═════ Data to use

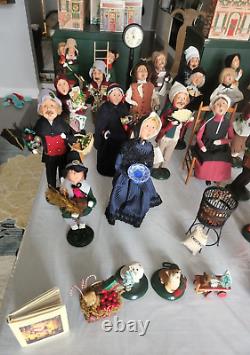 Byers Choice Carolers Christmas 28 different and accessories w some boxes NICE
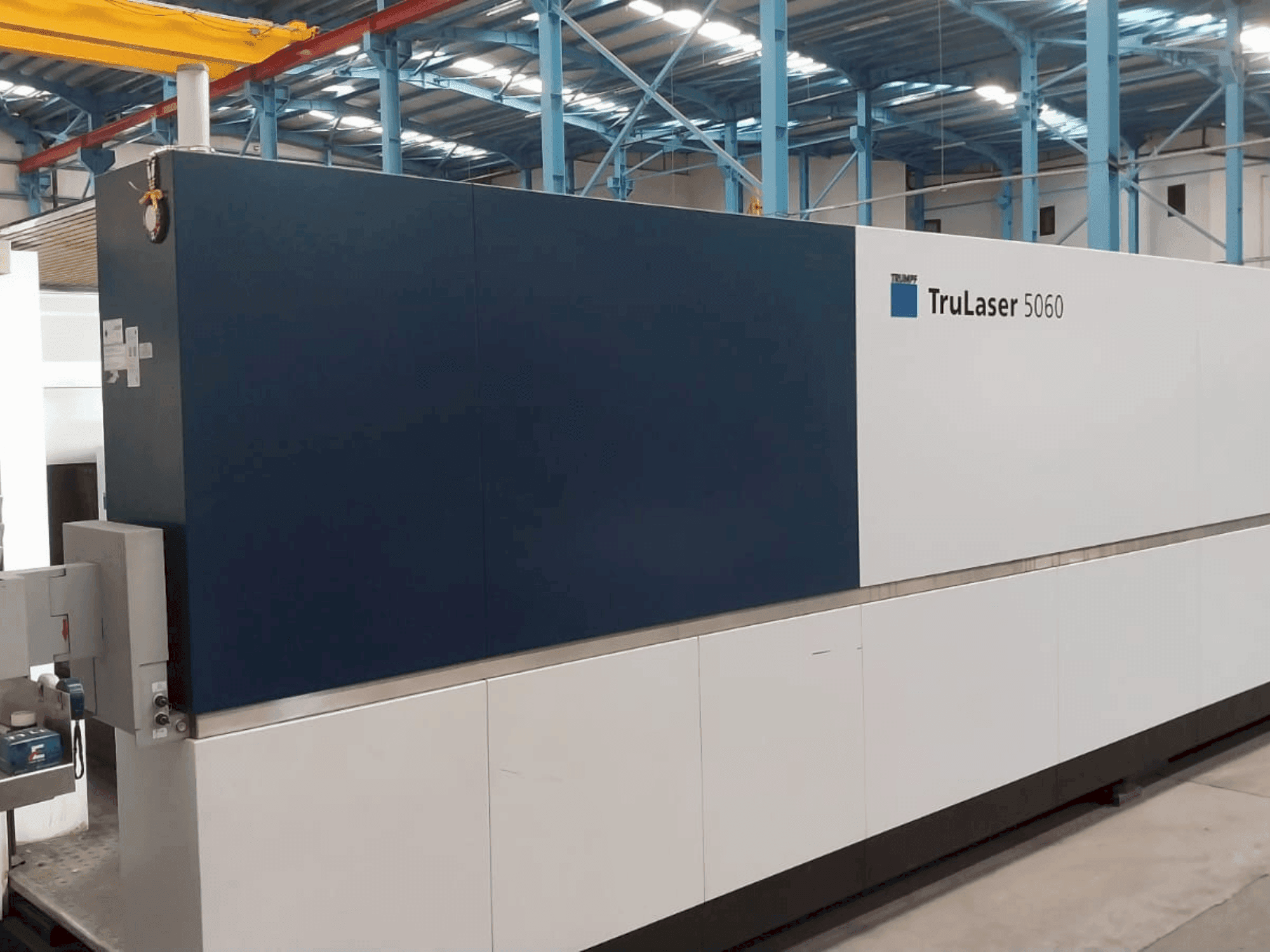 Vue de face de la machine TRUMPF TruLaser 5060 Fiber 10 kW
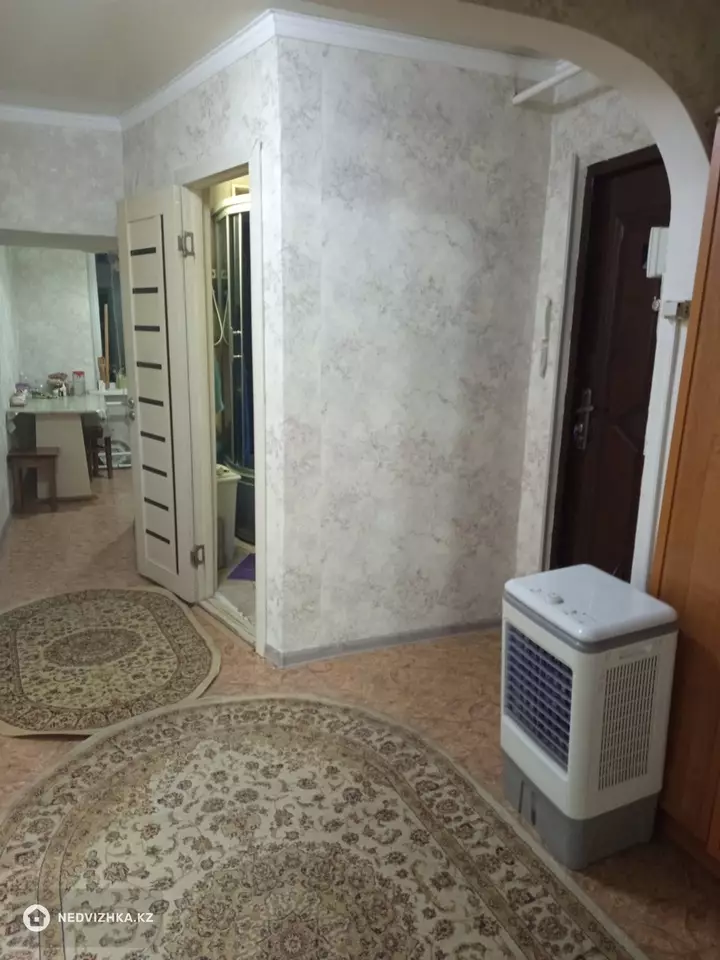 3-комнатная квартира, этаж 5 из 5, 63 м², фотография 2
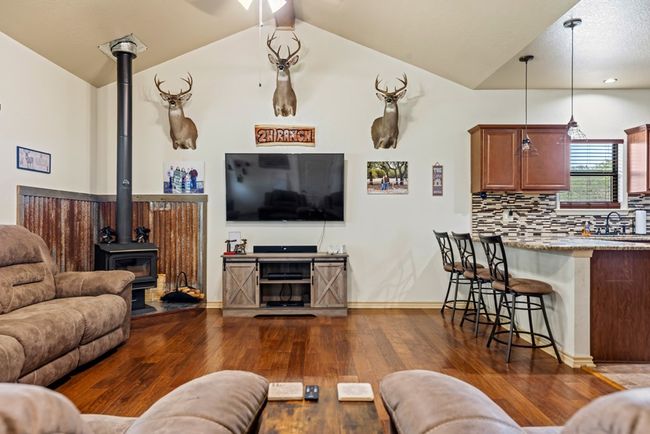 221 Coyote Trl, Home with 2 bedrooms, 2 bathrooms and 2 parking in Harper TX | Image 4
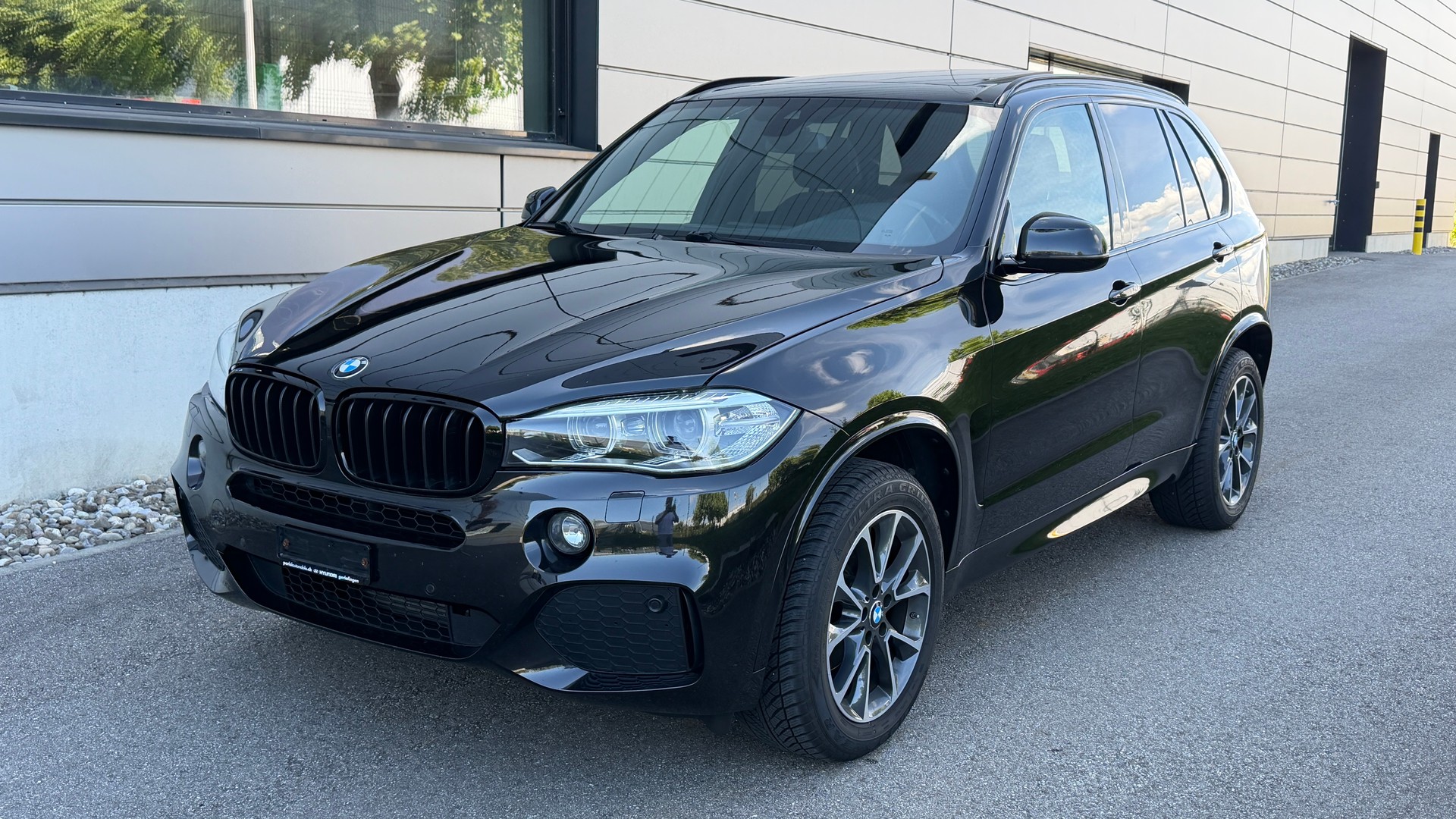 BMW 30d xDrive M-Paket **FRISCH AB MFK**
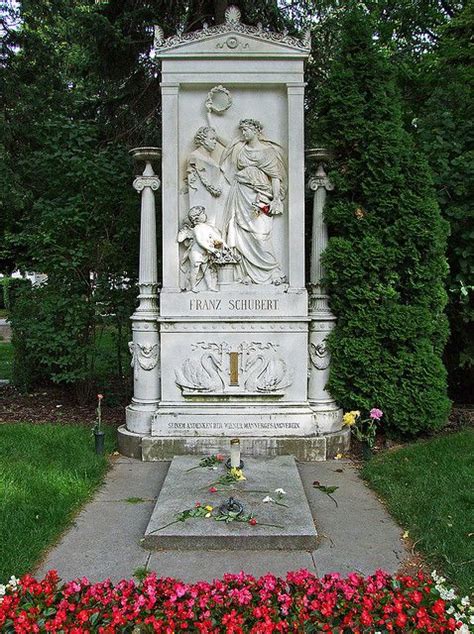 Grave Of Franz Schubert Vienna Cemetery Monuments Cemetery Statues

══════════

• [Task details] Give again, word for word, only the lines from the line containing "221 Coyote Trl, Home" through the last line above, both included; leave the pictures out.

• [Exercise result]
 221 Coyote Trl, Home with 2 bedrooms, 2 bathrooms and 2 parking in Harper TX | Image 4
 BMW 30d xDrive M-Paket **FRISCH AB MFK**
 Grave Of Franz Schubert Vienna Cemetery Monuments Cemetery Statues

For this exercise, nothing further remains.